Socrative is an immediate student-response system, where students access the teacher’s ‘room’ using the ‘room number’ and the teacher can push out multiple choice questions, true/false questions, or short-answer questions. The teacher can also assign full quizzes and exit tickets. I have found that when using Socrative, projecting my screen to the students makes it even more beneficial, as they can see the statistics and class responses that are shown on my screen. For example, when asking a short answer question, students can see all responses being submitted, which I then use as a basis for an evaluation exercise: students look at all submitted responses and vote on the best ones, whilst giving reasons why.

This is a very useful literacy-building exercise and I use it to show model answers and what makes a well-structured written response. This process enables me to give immediate feedback to the students, and actively involves them in the process.

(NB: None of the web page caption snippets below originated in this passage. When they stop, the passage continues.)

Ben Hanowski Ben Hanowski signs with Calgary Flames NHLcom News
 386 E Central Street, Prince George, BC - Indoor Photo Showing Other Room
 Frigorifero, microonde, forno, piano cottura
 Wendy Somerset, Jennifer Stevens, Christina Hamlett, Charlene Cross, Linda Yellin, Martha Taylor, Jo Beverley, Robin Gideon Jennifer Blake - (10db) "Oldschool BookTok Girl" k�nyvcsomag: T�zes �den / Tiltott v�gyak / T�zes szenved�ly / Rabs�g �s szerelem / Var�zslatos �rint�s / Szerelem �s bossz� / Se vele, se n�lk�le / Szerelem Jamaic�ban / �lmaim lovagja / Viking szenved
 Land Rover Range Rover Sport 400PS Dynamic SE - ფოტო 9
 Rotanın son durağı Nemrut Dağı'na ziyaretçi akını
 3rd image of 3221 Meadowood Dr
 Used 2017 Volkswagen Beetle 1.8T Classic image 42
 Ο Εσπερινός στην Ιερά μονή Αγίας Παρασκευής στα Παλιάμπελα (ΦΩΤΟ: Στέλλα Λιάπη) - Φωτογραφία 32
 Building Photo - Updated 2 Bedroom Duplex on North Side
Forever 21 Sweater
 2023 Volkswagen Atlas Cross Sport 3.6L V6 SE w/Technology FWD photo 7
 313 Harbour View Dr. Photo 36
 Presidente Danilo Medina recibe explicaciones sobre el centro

My favorite feature of Socrative is definitely the ‘Exit Tickets’ though, as that gives me an immediate pulse-check of the class’s learning, which I can then immediately use to adjust my teaching for the next lesson.

2. Edmodo’s ‘Quiz’ feature

Edmodo is a class learning management system (LMS) that is designed for schools but still looks a lot like Facebook (which engages students more due to its familiarity). I have often created quizzes and polls on Edmodo. When using the ‘Quiz’ feature with my students, Edmodo allows you to show them the answer key once they have submitted their responses. Students also immediately get their score on the quiz. This automatically gives the students timely and relevant feedback, as the assessment has only just been concluded and is still fresh in their minds. I also project the statistics Edmodo compiles for me in front of the class, and we discuss those statistics to highlight strengths and areas for improvement.

3. Google forms (& Flubaroo)

I wrote before about how I use Google Forms in my classroom. I often use the “Flubaroo” script whenever I create a quiz or test using Google Forms. Flubaroo automatically grades the quiz once the students submit their responses, and can also email them their score, a copy of their responses, and the answer key. I then project the spreadsheet of the student responses in front of the class and we discuss the most well-constructed answers. This is another example of how an ICT tool such as Google Forms has enabled me to deliver timely and immediate feedback on my students’ assessments.

4. Evernote shared notebooks

I published a blog post before about how I use Evernote in my classroom. As I have a ‘Premium’ account with Evernote, I can create notebooks for my students that we can all edit and contribute to, even if the students only have a ‘Free’ account. I have benefited immensely from this feature, as I created a set of notebooks for my history class where the students would do all their work. I would then be able to add voice notes with my verbal feedback or even annotated rubrics/checklists for the assessments.

I have noticed that most of the talk about eLearning and tablets in classrooms revolves around engaging students more with learning and encouraging them to create multiple things. While these are very valid benefits of introducing ICT tools into the classroom, I personally believe the biggest benefit can come from how these ICT tools can facilitate the process of assessing student learning as well as delivering timely and meaningful feedback to the students on their learning.

References:

Black, P. & Wiliam, D. (1999). Assessment for Learning: Beyond the Black Box, Assessment Reform Group, University of Cambridge, School of Education

Brown, G., Bull, J., & Pendlebury, M. (1997). Assessing student learning in higher education. London: Routledge.